:: Assignment ::
Would you please return the lines of the entries below starting at the line that has "Shoe Cabinet with Flip" and ending at the line that has "Plüschkissen mit Handtasche", both included, exactly as they are?

Items from a dataset:
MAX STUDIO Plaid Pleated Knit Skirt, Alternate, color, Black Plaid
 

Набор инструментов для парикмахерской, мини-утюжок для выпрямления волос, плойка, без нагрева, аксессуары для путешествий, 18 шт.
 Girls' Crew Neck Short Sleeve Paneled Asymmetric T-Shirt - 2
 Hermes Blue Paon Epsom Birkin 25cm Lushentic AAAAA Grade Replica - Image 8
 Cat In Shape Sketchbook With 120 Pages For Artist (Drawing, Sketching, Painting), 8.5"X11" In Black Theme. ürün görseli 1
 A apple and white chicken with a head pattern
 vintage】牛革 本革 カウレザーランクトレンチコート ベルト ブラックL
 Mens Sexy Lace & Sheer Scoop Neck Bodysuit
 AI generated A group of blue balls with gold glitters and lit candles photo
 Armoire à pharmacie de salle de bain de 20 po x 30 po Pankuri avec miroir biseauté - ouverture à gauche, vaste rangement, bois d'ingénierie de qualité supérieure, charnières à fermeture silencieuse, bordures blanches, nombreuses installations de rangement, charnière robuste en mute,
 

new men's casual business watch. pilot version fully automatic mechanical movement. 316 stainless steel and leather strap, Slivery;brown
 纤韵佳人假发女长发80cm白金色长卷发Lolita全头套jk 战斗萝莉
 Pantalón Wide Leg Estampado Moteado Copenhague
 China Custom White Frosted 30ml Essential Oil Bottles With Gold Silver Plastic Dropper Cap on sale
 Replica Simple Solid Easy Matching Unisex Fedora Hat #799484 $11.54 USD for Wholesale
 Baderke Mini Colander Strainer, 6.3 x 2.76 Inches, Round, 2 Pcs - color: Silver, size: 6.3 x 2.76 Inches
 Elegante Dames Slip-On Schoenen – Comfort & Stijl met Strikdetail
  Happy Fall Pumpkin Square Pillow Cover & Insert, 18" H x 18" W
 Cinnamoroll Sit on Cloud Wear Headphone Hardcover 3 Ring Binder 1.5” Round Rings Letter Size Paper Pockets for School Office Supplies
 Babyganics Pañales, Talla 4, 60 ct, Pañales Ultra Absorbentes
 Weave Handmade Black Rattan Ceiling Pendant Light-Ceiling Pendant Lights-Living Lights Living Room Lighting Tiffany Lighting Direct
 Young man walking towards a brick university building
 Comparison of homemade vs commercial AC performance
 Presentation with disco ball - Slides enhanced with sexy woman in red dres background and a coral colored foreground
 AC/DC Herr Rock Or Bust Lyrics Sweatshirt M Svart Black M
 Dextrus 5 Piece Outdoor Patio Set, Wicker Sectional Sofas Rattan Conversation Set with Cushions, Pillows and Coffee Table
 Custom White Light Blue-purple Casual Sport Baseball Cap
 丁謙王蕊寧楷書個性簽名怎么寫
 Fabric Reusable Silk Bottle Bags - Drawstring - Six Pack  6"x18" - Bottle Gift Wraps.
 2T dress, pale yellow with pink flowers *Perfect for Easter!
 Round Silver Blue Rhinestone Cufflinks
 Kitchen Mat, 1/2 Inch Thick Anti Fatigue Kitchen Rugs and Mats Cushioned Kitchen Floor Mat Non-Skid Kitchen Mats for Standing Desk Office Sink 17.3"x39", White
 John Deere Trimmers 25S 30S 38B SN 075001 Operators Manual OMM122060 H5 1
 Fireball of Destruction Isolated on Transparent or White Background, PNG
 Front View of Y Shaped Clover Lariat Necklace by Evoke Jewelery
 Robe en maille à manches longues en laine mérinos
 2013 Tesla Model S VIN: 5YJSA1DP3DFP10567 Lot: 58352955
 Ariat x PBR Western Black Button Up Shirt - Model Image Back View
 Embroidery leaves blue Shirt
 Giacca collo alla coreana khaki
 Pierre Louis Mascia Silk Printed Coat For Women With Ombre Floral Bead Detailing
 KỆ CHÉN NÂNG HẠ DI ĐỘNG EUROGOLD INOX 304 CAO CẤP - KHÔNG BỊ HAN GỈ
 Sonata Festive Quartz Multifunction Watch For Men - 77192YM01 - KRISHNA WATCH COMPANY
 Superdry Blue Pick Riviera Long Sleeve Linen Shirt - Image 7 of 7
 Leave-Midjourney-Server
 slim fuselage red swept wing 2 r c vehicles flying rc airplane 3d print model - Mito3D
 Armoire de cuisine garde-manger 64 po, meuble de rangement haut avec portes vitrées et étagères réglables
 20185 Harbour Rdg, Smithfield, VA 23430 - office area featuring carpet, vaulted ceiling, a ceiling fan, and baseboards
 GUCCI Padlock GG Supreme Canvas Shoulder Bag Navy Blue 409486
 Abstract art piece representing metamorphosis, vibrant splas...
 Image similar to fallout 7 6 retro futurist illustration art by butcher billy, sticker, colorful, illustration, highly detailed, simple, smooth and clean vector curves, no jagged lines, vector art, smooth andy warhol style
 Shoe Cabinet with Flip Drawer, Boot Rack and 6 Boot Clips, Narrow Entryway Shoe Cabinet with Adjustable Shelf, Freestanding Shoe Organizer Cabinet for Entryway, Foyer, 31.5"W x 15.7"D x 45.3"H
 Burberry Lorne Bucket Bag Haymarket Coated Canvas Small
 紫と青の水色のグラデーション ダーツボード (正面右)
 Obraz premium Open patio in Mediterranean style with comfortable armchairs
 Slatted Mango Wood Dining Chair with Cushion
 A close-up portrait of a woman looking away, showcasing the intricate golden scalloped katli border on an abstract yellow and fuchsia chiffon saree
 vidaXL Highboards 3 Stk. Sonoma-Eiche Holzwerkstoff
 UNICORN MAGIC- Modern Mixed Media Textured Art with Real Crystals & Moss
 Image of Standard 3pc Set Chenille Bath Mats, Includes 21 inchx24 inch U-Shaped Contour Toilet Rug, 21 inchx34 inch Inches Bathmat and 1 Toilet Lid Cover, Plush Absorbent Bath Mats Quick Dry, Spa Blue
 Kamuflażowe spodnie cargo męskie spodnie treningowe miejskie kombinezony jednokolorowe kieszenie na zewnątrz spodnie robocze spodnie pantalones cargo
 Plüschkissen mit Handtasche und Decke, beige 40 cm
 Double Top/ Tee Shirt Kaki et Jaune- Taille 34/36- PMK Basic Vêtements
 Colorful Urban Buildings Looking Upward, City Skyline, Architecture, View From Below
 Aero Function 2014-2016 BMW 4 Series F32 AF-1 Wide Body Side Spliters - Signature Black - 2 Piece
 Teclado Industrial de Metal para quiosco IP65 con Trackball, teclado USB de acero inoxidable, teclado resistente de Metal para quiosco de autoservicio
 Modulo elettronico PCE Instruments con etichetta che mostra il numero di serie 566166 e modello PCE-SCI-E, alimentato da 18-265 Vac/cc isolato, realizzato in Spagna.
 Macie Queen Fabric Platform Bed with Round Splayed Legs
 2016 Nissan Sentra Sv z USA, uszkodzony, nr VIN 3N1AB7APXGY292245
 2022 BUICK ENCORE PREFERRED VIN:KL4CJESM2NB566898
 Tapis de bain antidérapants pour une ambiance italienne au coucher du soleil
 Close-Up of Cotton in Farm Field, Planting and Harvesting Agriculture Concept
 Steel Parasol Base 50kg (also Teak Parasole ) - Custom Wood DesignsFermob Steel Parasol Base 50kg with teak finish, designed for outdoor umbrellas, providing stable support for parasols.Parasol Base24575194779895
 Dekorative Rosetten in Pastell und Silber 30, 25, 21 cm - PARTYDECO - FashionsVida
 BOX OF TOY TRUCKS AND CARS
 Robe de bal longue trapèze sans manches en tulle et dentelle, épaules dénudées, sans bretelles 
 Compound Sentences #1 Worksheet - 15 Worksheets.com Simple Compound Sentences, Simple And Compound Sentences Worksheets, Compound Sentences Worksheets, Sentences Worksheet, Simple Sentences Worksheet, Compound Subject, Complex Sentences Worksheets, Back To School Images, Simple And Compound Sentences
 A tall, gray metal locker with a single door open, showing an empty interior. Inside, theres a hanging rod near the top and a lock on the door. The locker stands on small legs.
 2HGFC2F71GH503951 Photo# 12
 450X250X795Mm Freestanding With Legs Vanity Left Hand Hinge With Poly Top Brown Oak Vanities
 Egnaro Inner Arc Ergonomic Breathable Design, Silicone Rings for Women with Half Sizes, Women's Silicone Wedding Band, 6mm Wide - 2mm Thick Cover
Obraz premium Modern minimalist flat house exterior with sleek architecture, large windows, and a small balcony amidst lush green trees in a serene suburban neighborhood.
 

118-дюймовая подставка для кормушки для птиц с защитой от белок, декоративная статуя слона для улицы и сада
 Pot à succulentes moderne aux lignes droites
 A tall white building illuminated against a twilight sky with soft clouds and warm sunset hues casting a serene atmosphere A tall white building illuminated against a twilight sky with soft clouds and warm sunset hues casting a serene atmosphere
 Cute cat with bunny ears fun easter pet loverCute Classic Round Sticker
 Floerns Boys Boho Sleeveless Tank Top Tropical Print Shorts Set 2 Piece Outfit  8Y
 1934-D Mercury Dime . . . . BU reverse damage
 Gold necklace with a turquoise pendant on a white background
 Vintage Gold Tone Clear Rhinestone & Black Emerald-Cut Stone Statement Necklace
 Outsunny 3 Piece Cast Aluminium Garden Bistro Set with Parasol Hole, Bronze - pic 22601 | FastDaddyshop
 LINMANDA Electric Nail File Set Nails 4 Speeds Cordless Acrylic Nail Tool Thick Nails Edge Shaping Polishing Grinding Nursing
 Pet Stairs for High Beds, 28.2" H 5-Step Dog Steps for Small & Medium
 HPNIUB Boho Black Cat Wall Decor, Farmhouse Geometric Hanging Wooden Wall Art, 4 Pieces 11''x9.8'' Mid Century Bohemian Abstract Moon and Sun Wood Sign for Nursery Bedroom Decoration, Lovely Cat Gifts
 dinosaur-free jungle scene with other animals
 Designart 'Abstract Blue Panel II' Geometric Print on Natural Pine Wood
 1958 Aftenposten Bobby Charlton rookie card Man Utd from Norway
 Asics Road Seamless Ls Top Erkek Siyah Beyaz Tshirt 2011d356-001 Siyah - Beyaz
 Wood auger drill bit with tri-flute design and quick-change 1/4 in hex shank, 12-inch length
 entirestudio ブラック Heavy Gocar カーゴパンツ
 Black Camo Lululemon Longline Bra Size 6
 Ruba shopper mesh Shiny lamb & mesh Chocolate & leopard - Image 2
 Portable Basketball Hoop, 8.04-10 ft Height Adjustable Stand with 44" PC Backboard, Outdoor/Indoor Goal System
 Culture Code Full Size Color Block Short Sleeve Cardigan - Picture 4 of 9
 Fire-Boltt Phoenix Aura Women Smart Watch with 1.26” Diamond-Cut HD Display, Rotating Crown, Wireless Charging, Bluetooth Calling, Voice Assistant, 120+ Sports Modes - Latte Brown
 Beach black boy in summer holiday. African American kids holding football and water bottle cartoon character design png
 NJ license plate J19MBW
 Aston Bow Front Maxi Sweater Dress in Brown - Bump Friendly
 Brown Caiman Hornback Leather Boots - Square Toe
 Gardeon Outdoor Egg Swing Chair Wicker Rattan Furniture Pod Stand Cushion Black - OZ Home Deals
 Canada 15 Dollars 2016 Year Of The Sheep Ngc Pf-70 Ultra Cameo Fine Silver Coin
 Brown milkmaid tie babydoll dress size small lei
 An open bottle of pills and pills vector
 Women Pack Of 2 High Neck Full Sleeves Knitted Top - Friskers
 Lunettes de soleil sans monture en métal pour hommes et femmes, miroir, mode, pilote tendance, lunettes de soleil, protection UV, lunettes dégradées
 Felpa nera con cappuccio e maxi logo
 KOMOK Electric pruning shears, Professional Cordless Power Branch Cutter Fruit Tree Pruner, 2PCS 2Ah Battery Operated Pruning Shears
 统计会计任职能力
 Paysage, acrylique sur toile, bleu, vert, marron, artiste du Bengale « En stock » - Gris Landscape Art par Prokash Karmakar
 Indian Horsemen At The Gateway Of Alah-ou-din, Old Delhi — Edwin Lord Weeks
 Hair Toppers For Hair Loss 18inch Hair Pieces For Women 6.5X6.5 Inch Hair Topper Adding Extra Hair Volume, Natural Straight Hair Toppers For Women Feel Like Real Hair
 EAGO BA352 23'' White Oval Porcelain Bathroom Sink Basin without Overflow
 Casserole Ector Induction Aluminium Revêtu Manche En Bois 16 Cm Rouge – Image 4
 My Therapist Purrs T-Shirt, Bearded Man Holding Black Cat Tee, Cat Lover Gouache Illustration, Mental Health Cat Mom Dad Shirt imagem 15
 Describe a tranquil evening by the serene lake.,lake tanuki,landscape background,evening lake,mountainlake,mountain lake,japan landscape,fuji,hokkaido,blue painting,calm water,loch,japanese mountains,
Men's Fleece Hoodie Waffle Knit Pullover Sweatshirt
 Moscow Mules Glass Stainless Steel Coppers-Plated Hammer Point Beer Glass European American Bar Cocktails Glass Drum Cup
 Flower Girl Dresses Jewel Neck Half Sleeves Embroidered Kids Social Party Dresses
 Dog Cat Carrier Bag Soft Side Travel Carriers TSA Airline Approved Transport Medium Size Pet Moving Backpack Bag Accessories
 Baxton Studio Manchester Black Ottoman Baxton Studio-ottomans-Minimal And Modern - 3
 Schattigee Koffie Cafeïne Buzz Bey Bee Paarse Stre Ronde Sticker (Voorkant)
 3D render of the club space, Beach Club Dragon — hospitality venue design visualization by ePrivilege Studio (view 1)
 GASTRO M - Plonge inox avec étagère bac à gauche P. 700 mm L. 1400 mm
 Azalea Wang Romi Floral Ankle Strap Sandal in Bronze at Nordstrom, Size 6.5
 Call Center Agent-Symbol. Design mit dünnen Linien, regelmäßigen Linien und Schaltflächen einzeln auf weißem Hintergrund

:: Problem solution ::
 Shoe Cabinet with Flip Drawer, Boot Rack and 6 Boot Clips, Narrow Entryway Shoe Cabinet with Adjustable Shelf, Freestanding Shoe Organizer Cabinet for Entryway, Foyer, 31.5"W x 15.7"D x 45.3"H
 Burberry Lorne Bucket Bag Haymarket Coated Canvas Small
 紫と青の水色のグラデーション ダーツボード (正面右)
 Obraz premium Open patio in Mediterranean style with comfortable armchairs
 Slatted Mango Wood Dining Chair with Cushion
 A close-up portrait of a woman looking away, showcasing the intricate golden scalloped katli border on an abstract yellow and fuchsia chiffon saree
 vidaXL Highboards 3 Stk. Sonoma-Eiche Holzwerkstoff
 UNICORN MAGIC- Modern Mixed Media Textured Art with Real Crystals & Moss
 Image of Standard 3pc Set Chenille Bath Mats, Includes 21 inchx24 inch U-Shaped Contour Toilet Rug, 21 inchx34 inch Inches Bathmat and 1 Toilet Lid Cover, Plush Absorbent Bath Mats Quick Dry, Spa Blue
 Kamuflażowe spodnie cargo męskie spodnie treningowe miejskie kombinezony jednokolorowe kieszenie na zewnątrz spodnie robocze spodnie pantalones cargo
 Plüschkissen mit Handtasche und Decke, beige 40 cm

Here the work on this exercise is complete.